So how did Munger convince Buffett to pull the trigger on BYD?
“I think he threatened to shoot me,” Buffett told Liz Claman of Fox Business. “It took a pretty rigorous [sales pitch]. The truth is he understood it … and I didn’t — but I had enough confidence in Charlie that, in this game, he knew a whole lot more about it than I did. And he was right.”
Other highlights from the interview…
On BYD founder Wang Chuanfu:
They’ve got a brilliant fellow on top [of the company] and they have a way of implementing his ideas very quickly and effectively. There’s no ossification — and many American companies, obviously, have suffered from that. Perhaps Berkshire Hathaway [has], in some ways. But when they decide to do something, it gets done. They have very high expectations of themselves and they meet it.
On investing in a Chinese EV maker:
The world benefits no matter where [electric vehicles] come from. The fact that penicillin came from England doesn’t mean we don’t benefit from it. It’s not a zero-sum game in the world. We ought to be happy if General Motors comes up with a wonderful electric car [and] we ought to be very happy if BYD comes up with a wonderful electric car.
On persevering through failure:
Munger: The companies that succeed are often the ones who just improve better and faster than the competition — and just keep doing that. And that is the essence of BYD. I see not the slightest flagging in their ambitions to keep doing things better and better.

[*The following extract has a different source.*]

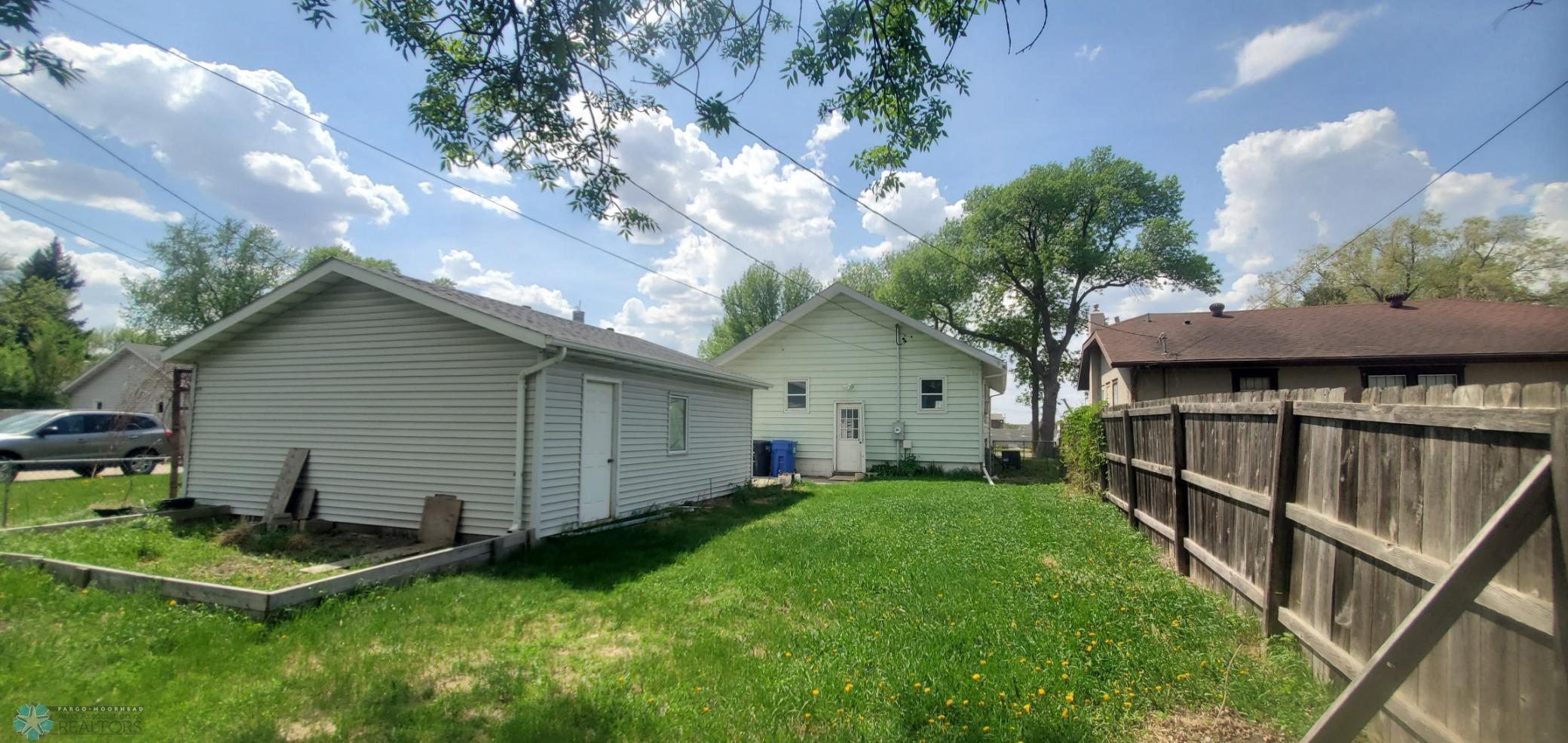 326 24th Street, Fargo, North Dakota image 10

They’re willing to [push through] enormous failures for a long time, like Edison, in order to get improvements. Not only do I admire that, but I think that it’s likely to work.
More Must-Reads
Other awesome things that I read this week…

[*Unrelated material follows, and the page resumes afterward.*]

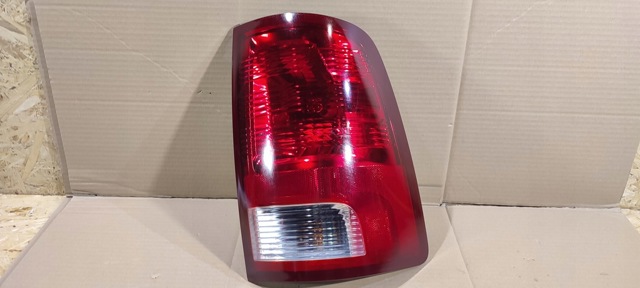 Задній правий стоп 55277414AA CHRYSLER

Investing in Inflections and Buffett’s Airline/Railroad Investments
“Buffett saw a business and industry that investors had always viewed as capital intensive and cyclical… but he realized the business had consolidated down to an oligopoly, and that it would be very difficult for new players to enter the industry going forward (for railroads, because no one can build a new railroad today; for airlines, because loyalty programs and credit card miles give huge advantages to incumbents/large players).”
15 Books to Read Before You Die
“Mostly every review of [The Intelligent Investor] will tell you to read chapters 8 and 20; the ones that discuss Mr. Market and why he should be ignored, as well as the principle of margin of safety. It’s true, they are the most useful chapters of the book — and it doesn’t hurt to remind yourself now and then.”

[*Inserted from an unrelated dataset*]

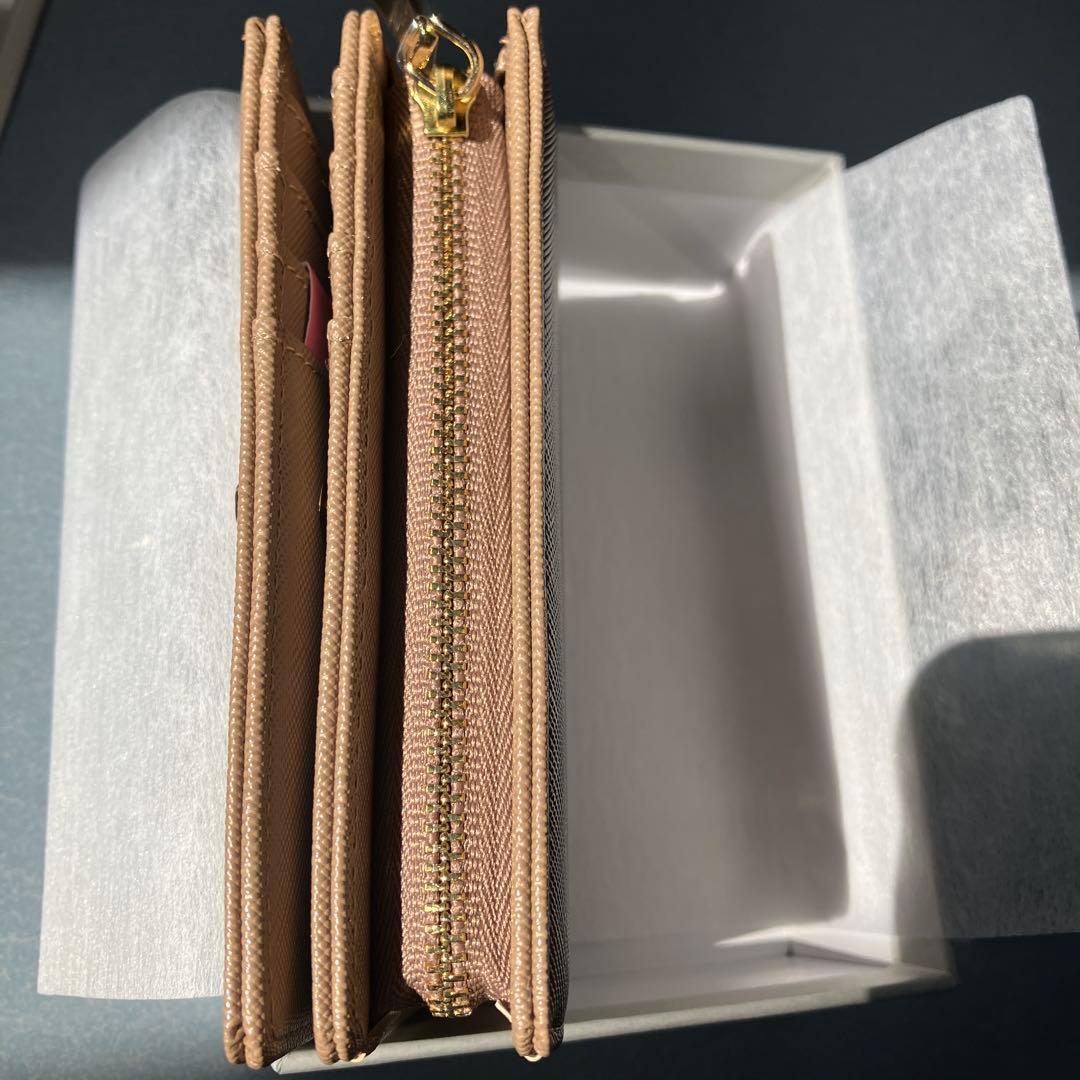 もちもち　　　SAMANTHAVEGA ベージュ 二つ折り財布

A Few Laws of Getting Rich (Morgan Housel)
“Charlie Munger was once asked by one of his rich friends if leaving his kids a bunch of money would ruin their drive and ambition. ‘Of course it will,’ Charlie said. ‘But you still have to do it.’ ‘Why?’ the friend asked. ‘Because if you don’t give them the money, they’ll hate you,’ Charlie said. Like a lot of Munger advice, I think this interaction is designed to be memorable. It’s probably 80% true. But, by and large, he’s right.”
“You probably can’t know what the world needs you to do until it tells you. And it can’t tell you until you’ve offered it something of value first. This is what a sacrifice is … Everyone’s gifts are different, but the only consistent truth is that it seems to require some kind of considered leap — an ‘active surrender’ — into the murky unknown.”
Great info as always. Think I remember a very old Fortune article of Munger saying he saw Wang Chuanfu as a combination of Jack Welch (ability to get things done) and Thomas Edison (technical abilities). That's pretty high praise from Munger.